The Conflict of Interest Act and the MP and senator ethics codes are so full of loopholes, they should be called the “Almost Impossible to be in a Conflict of Interest Rules” — and even worse the rules don’t even apply to the staff and advisers of MPs and senators. Currently, because of these huge loopholes, the Act and codes do not apply to 99% of the decisions and actions of the people covered by the Act and codes.

The ethics codes that federal politicians have imposed on public servants contain much stronger rules than the rules the politicians have written for themselves, and the penalties are stronger, including the possibility of being fired.

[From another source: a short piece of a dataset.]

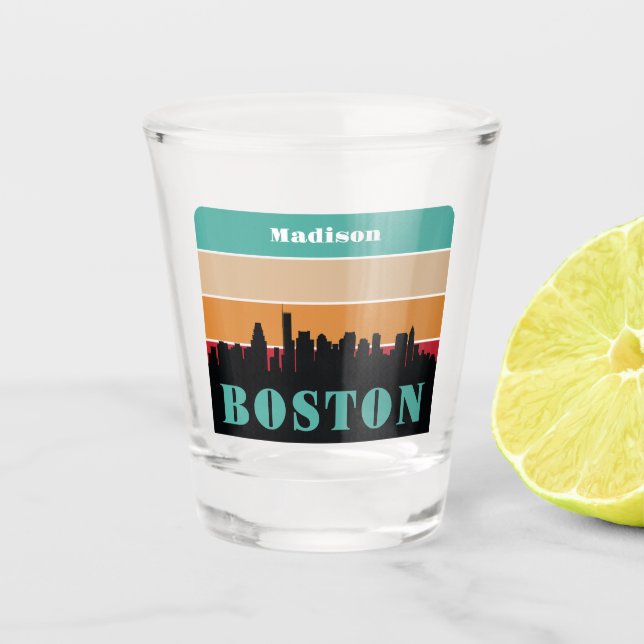 Copo De Shot Nome Personalizado Boston Massachusetts (Frente)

The Conservative majority on the House of Commons Standing Committee on Access to Information, Privacy and Ethics ignored these loopholes and enforcement problems in its February 2014 report on the Conflict of Interest Act. The NDP issued a dissenting report calling for some specific key changes to the Act, and the Liberals also issued a dissenting report that criticized the Conservatives for ignoring the problems (but did not recommend any changes).

Meanwhile, the House of Commons Standing Committee on Procedure and House Affairs failed to complete the five-year review of the MP Code in 2014 after weakening it with various changes in 2006 and with various changes in 2009 (after unethical behind-closed-door meetings with Commissioner Dawson).

“Unethical decision-making in federal politics is legal, even by Cabinet ministers, and some political staff and appointees are still not covered by any ethics rules, so loopholes must be closed and enforcement strengthened to finally stop dangerously undemocratic and corrupting actions and relations with lobbyists,” said Conacher.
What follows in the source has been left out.